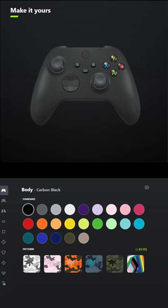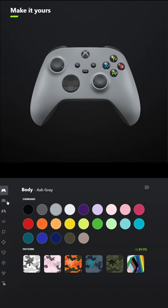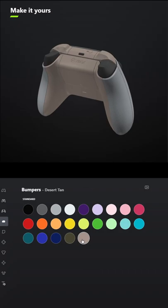I designed a controller for Fallout 4 and honestly this one is my favorite. For the front select Ash Gray and for the back select Desert Tan. You don't have to add grips unless you want to.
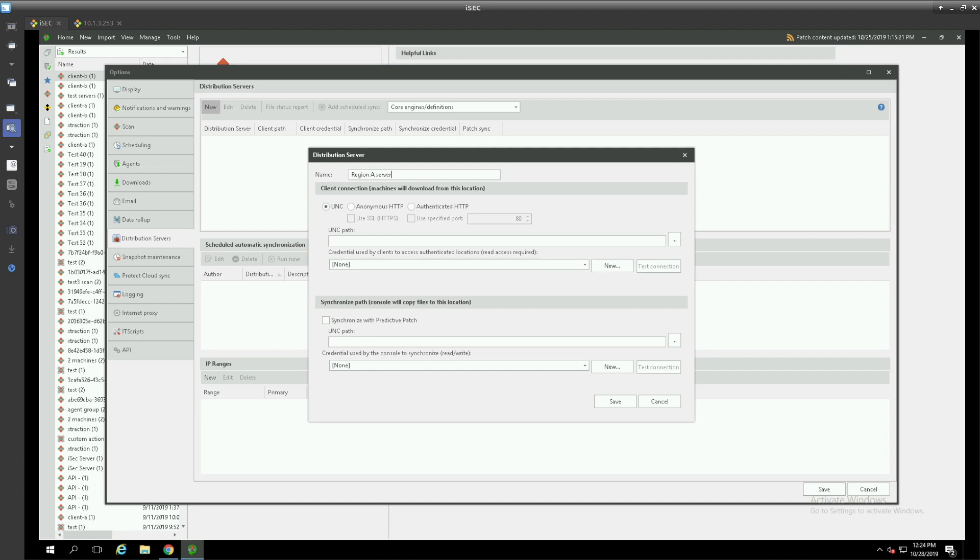Distribution servers are used in order to lessen the load on your wide area network. If you have different geographical locations it would be a best practice to have your endpoints download their patches from the closest repository thus saving time during a patch cycle.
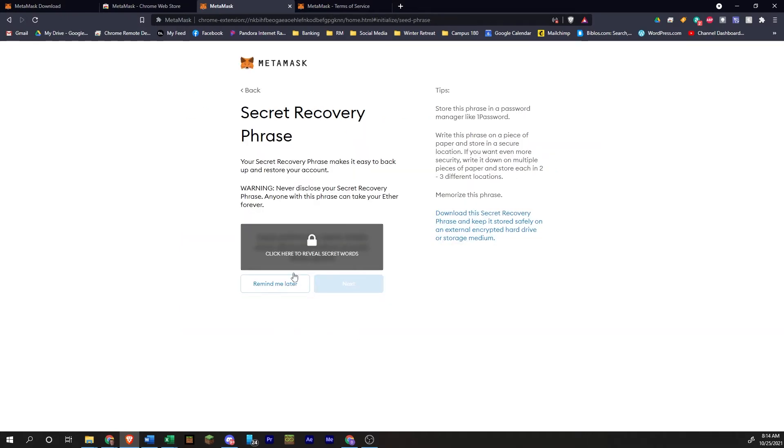So here we go. You get secret recovery phrase. This says this is going to make it easier to back up and restore your wallet. So if you ever lose access to it, you can use this phrase to access it again.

_Work item_:
With the pictures omitted, the material is to be transcribed exactly.

_Solution_:
I designed a controller for Fallout 4 and honestly this one is my favorite. For the front select Ash Gray and for the back select Desert Tan. You don't have to add grips unless you want to.
Distribution servers are used in order to lessen the load on your wide area network. If you have different geographical locations it would be a best practice to have your endpoints download their patches from the closest repository thus saving time during a patch cycle.
So here we go. You get secret recovery phrase. This says this is going to make it easier to back up and restore your wallet. So if you ever lose access to it, you can use this phrase to access it again.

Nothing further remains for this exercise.